> **What needs to be done**
Output all the data exactly. Pictures do not belong in the copy.

----- Information supplied

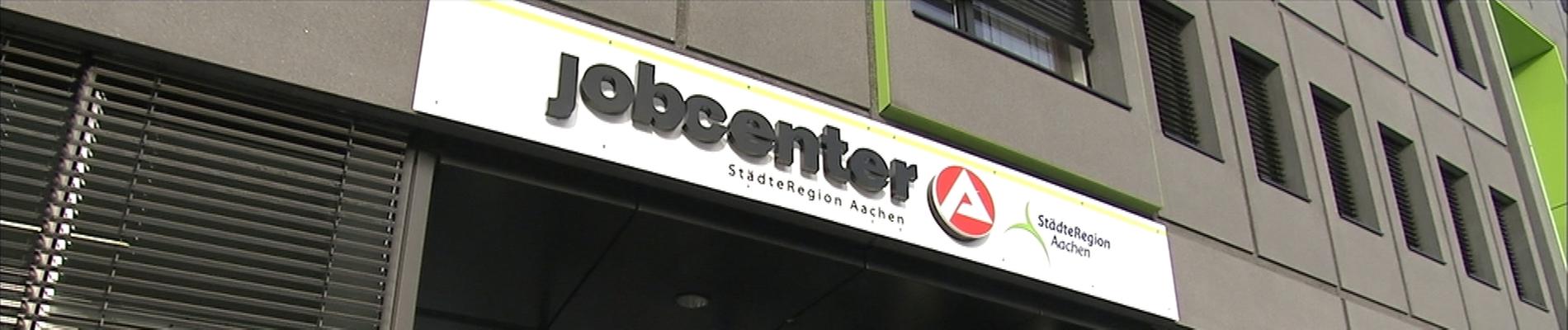 Der Eingang eines Jobcenters ist zu sehen.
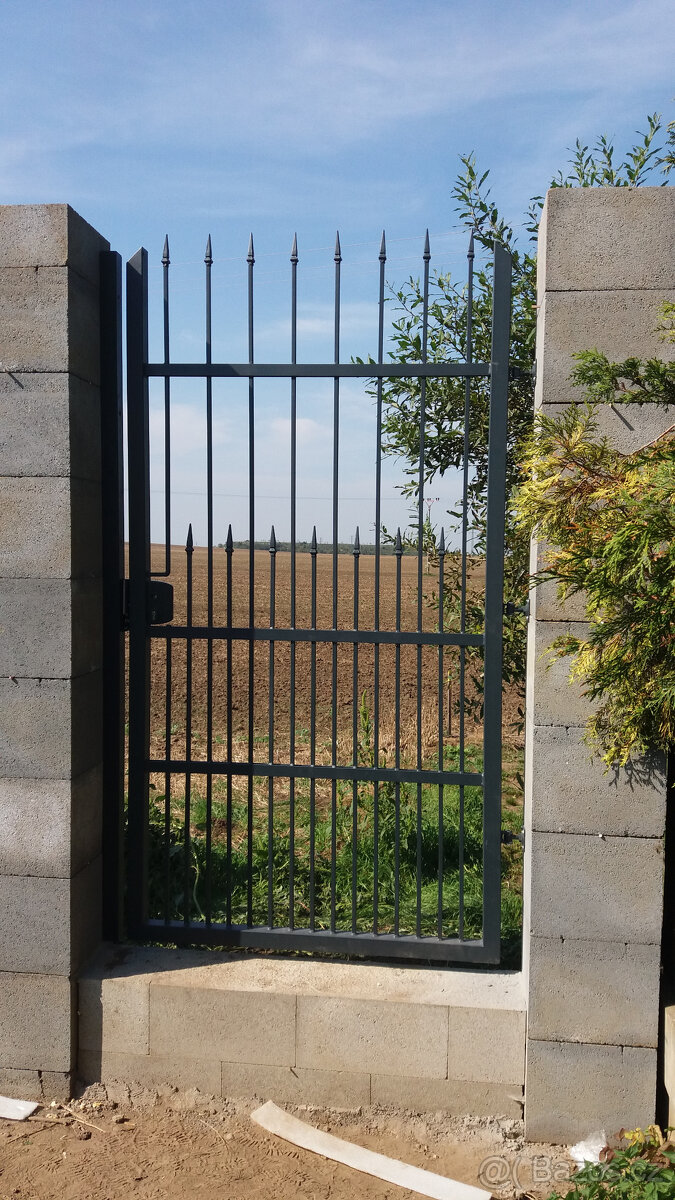 Kované ploty, samonosné pojezdové brány - 8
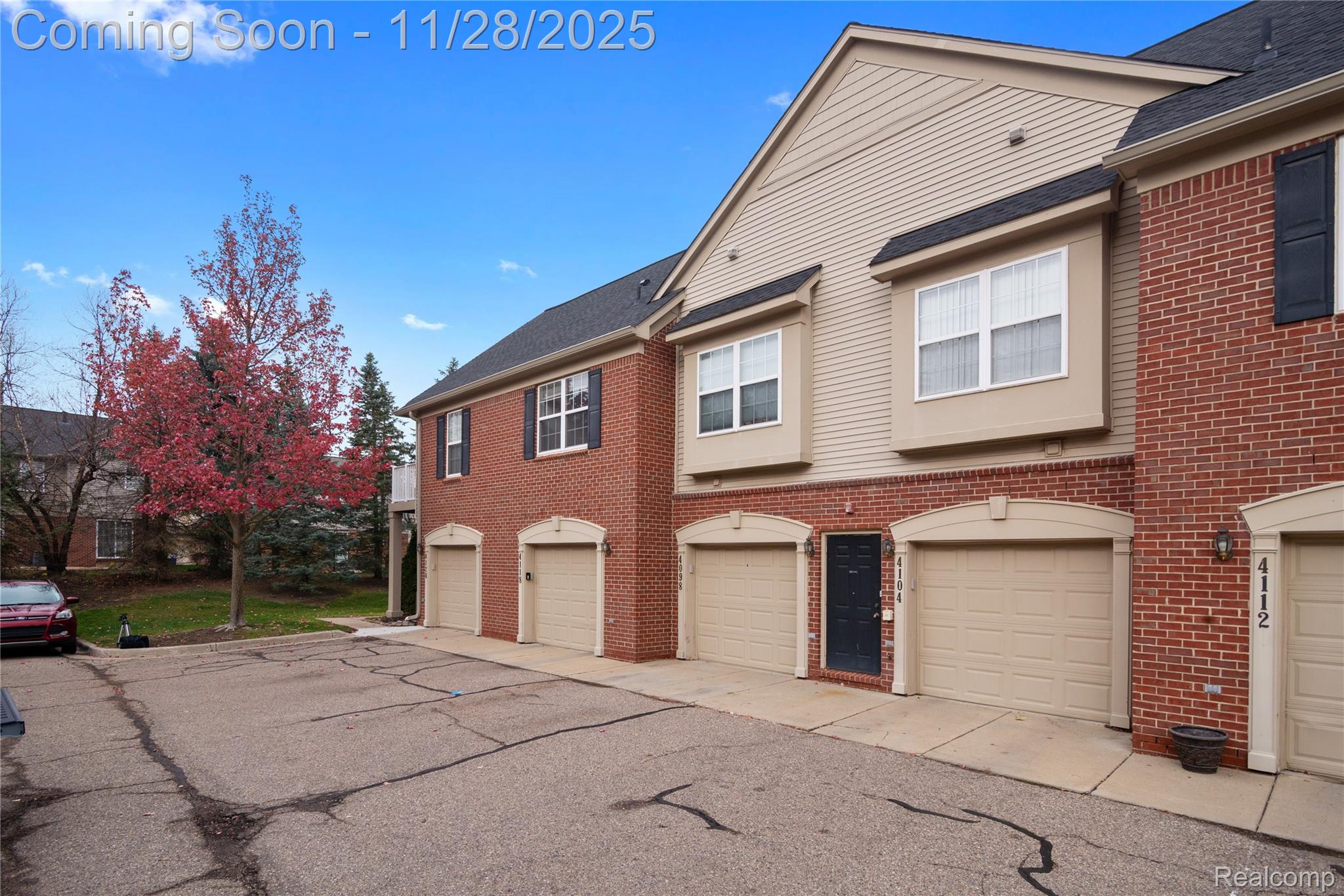 4098 Elizabeth Avenue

----------

> **Result of the task**
 Der Eingang eines Jobcenters ist zu sehen.
 Kované ploty, samonosné pojezdové brány - 8
 4098 Elizabeth Avenue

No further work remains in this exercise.